You know, I’d forgotten how pissed off I was when Newt died, and Hicks, though I wasn’t that bothered about Hicks. Watching Aliens and Alien3 back to back: how depressing can you get?

They should have gone with a completely different scenario, once set much later, maybe an older Ripley, on Earth, having to rescue teh whole planet! And Hicks could be killed in the first scene when the Alien eggs land, thus giving Ripley a better call to adventure than “However, unbeknownst to our heroes, the Alien Queen laid an egg while in the middle of a life-or-death battle with a forklift truck!”. Newt, she could just be off at college on Titan or something.

But, as the powers that be decided to set the movie on the way back to earth just a little while after the end of Aliens, and the relevant actors were not suitable anymore (I understand the little girl was all grown up and Hicks was unavailable.) the extended cut is OK.

Was there anything apart from that? I remember being vaguely annoyed when Bishop turned up as a human as well.

It could have been Hicks impregnated but still alive, instead of Ripley, and he could do some macho thing before it busts out of his chest. He could run around with Bishop’s upper half strapped to his back. Newt could be played by some other young actress, who gives a flip.
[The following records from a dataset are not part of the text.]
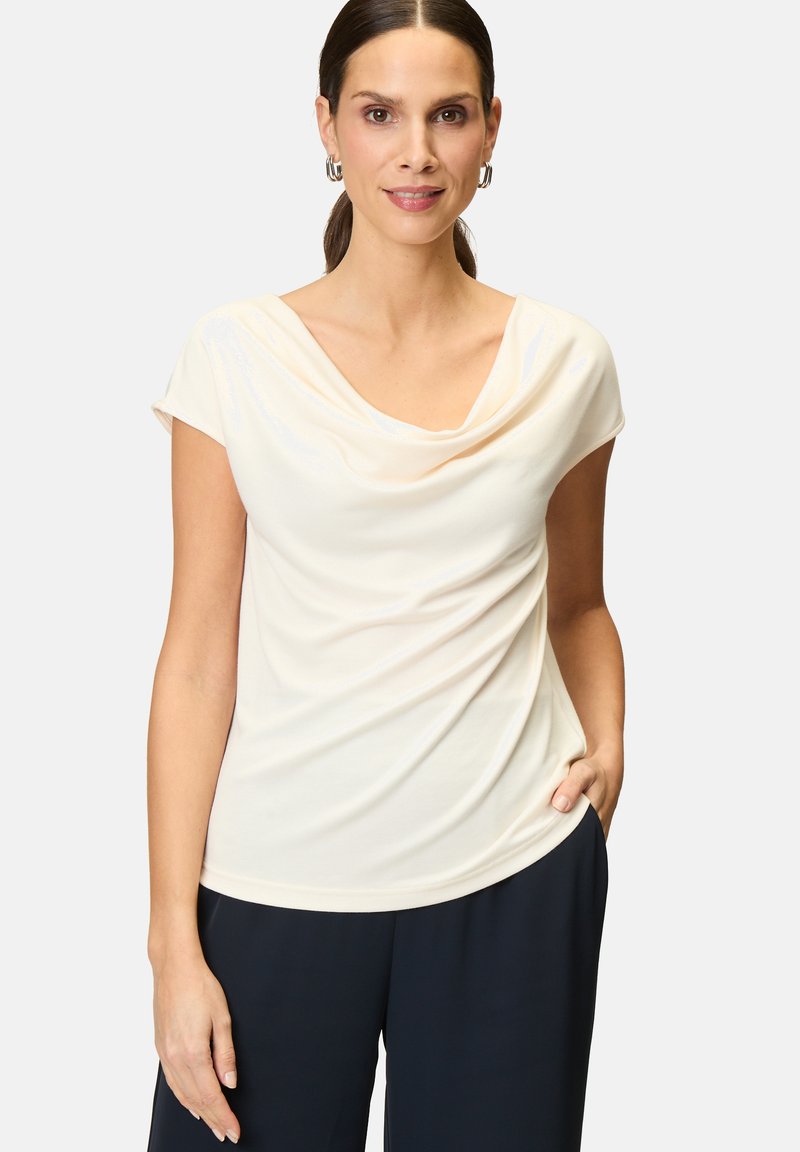 Cremfarbener Top mit Cowl-Neck aus weichem Material, mit kurzen Ärmeln und drapiertem Design. Kombiniert mit marineblauen Hosen; ein subtiler Glanz verleiht Textur.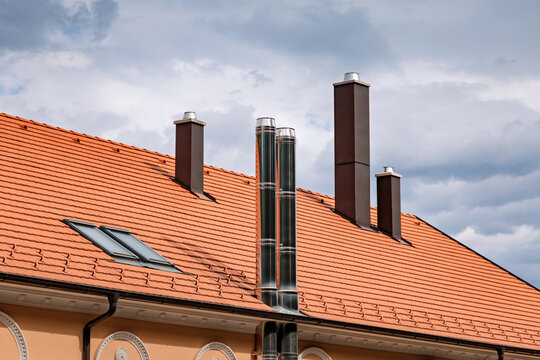 Residential building roof featuring various chimneys and skylights under a cloudy sky, showcasing contemporary architecture and construction elements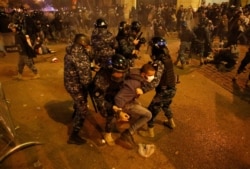 FILE - Riot police officers beat anti-government protesters during a protest near the parliament square, in downtown Beirut, Lebanon, Dec. 15, 2019.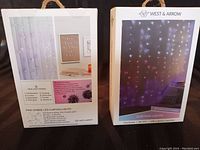 Two West & Arrow LED curtain lights boxes, one opened and one sealed, showing product packaging with night usage image and lighting modes.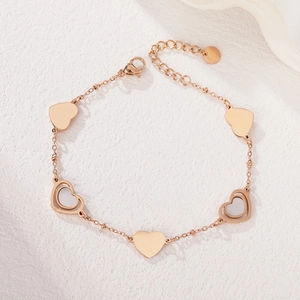 Minimalist rose gold bracelet with heart charms and white shell inlays on stone surface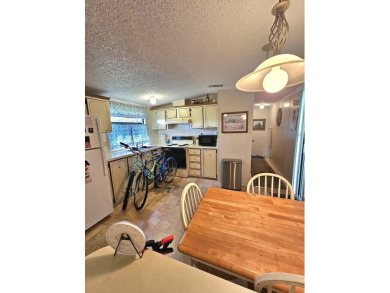 Imagine driving down a beautiful tree-lined street in a secure on Crystal Lake Club in Florida - for sale on GolfHomes.com, golf home, golf lot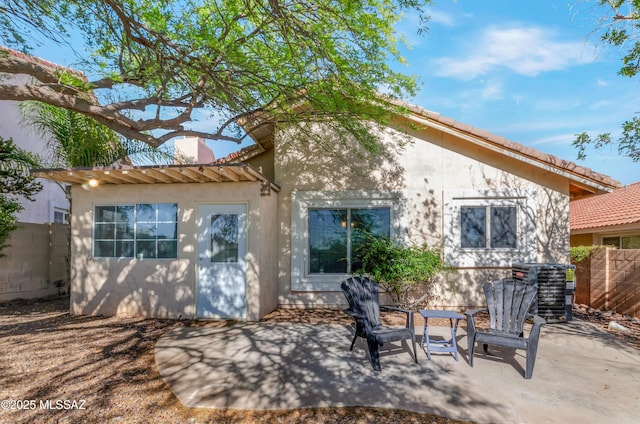 11561 N Eagle Peak Dr, Oro Valley, AZ 85737 - rear view of house with stucco siding, a patio area, and a chimney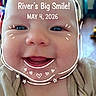 River is registered to the contest to win money with this photo: baby, smile, face, infant, doodle, text_overlay, blue_eyes, clothing, cute, portrait, indoors, child, happy, closeup, expression, skin, head, person, young, background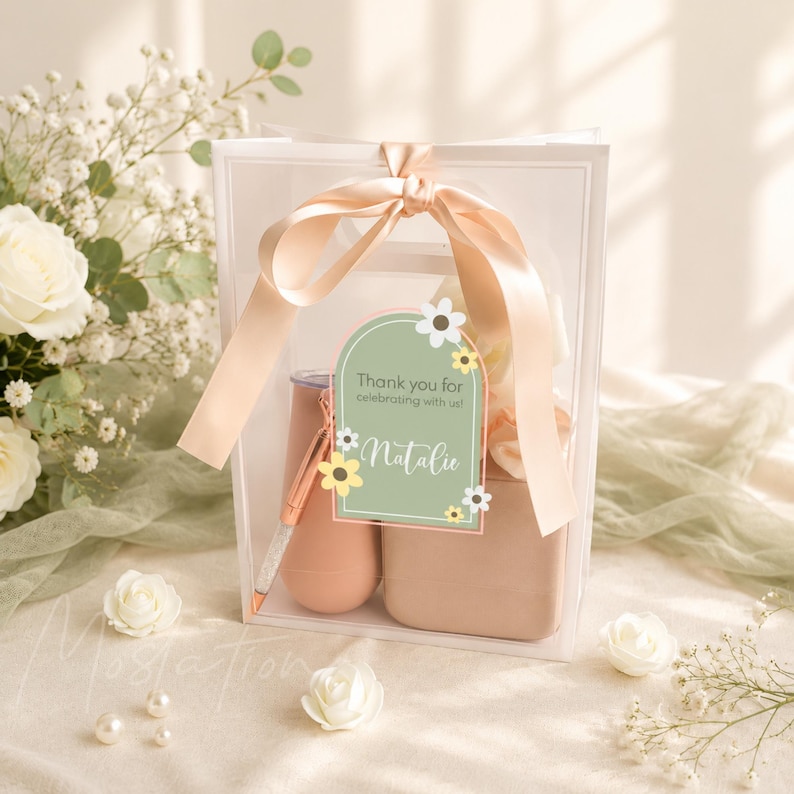 May include: A clear gift bag tied with a peach satin ribbon containing a peach-colored tumbler and a matching pen. An arched sage green tag is attached to the front, featuring white text that reads Thank you for celebrating with us! Natalie.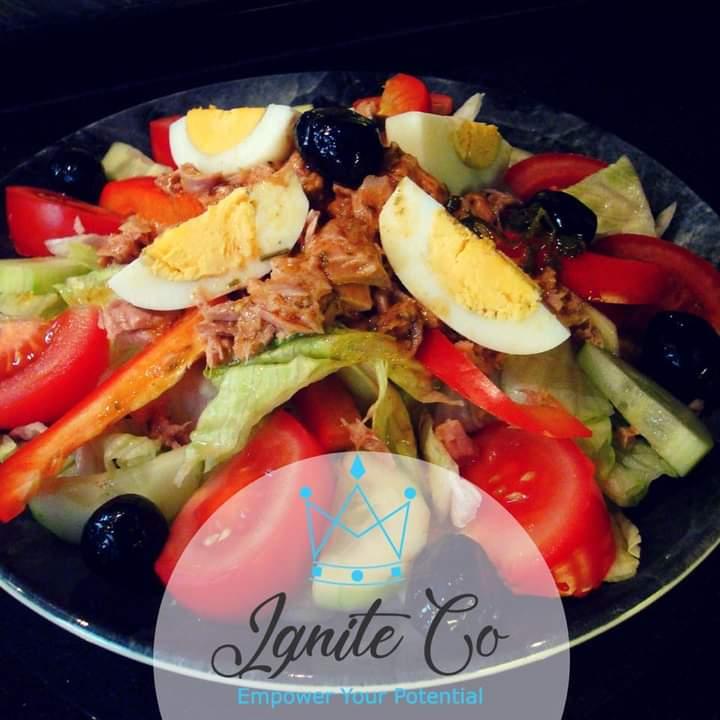 Plate with sliced tomatoes, lettuce, cucumbers, olives, boiled eggs, red peppers and tuna for nutrition from Ignite Co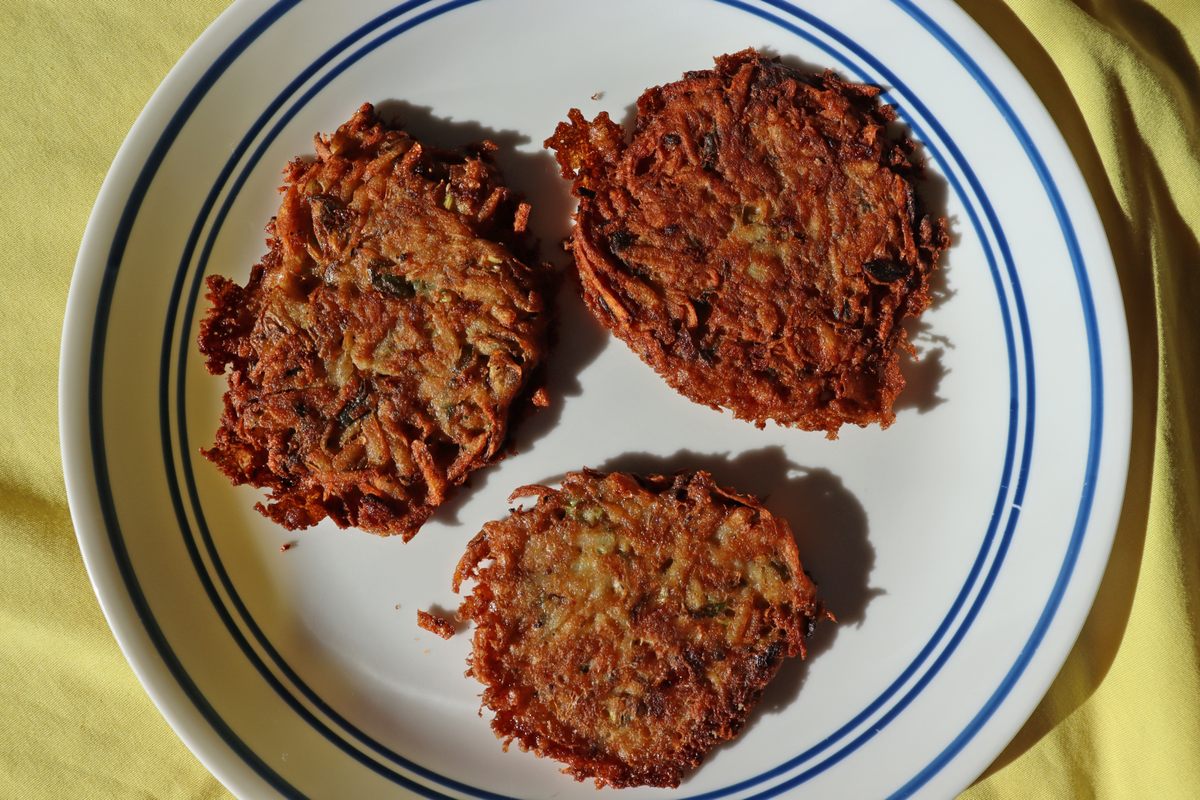 Twitty's Louisiana-style latkes reflect the contributions of Black cooks to Southern Jewish cuisine.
They should have gone with a completely different scenario, once set much later, maybe an older Ripley, on Earth, having to rescue teh whole planet! And Hicks could be killed in the first scene when the Alien eggs land, thus giving Ripley a better call to adventure than “However, unbeknownst to our heroes, the Alien Queen laid an egg while in the middle of a life-or-death battle with a forklift truck!”. Newt, she could just be off at college on Titan or something.

“And you, you little shit: you’re staying here.”

But, as the powers that be decided to set the movie on the way back to earth just a little while after the end of Aliens, and the relevant actors were not suitable anymore (I understand the little girl was all grown up and Hicks was unavailable.) the extended cut is OK.

Each Alien film has more or less reflected the time period it was made in. The first was true 70’s horror style. Indeed, the Cane scene was the A#1 spoiler scene in film to that point, and the whole thing was the usual pick-em-off-one-by-one, The second was as much action as horror, with James Cameron hitting full stride. The third is a grim, angsty, dreary vision, your Silence of the Lambs era. And the fourth, the fourth is a dumb, cheap, tired retread that has some entertainment value if you just sit there and take it for what it is.

Was there anything apart from that? I remember being vaguely annoyed when Bishop turned up as a human as well.

You mean in AvP? I thought that was sort of neat, since it was the same company from the earlier films that made the androids.

I’ve heard you float that concept of the movies before, and it definitely made them much more interesting to watch over when I picked up the whole set and watched them straight through. What would you say the keystone films are for the other eras as Silence could be for III?

Probably the best sociological contexting for the movies I’ve read.

You mean in AvP? I thought that was sort of neat, since it was the same company from the earlier films that made the androids.

At the end of Alien3, I meant: Bishop turning up, as the engineer who made Bishop, to make Ripley “feel better,” was like a final kick in the balls. The mutability and futility of human relationships, kicking me again in the balls. Everyone she loves had died, and not only that, been replaced: Newt with the alien growing in her, Hicks with Clemens, and finally, nice Bishop with nasty Bishop the meaningless engineer.

I’d have to say the first was something along the lines of any “classic” slasher film, Friday the 13th or Halloween or the like. You have a group of unsuspecting protagonists running into a superhuman killer that keeps coming back and kills off everyone one by one except the plucky heroine (and her pet). In the second, we’re talking the post-Terminator era, where Hollywood discovered that “horror” films were more fun with lots of guns and explosions. The fourth is easy - Jerry Bruckheimer dumb action flick, (post-Don Simpson), take your pick.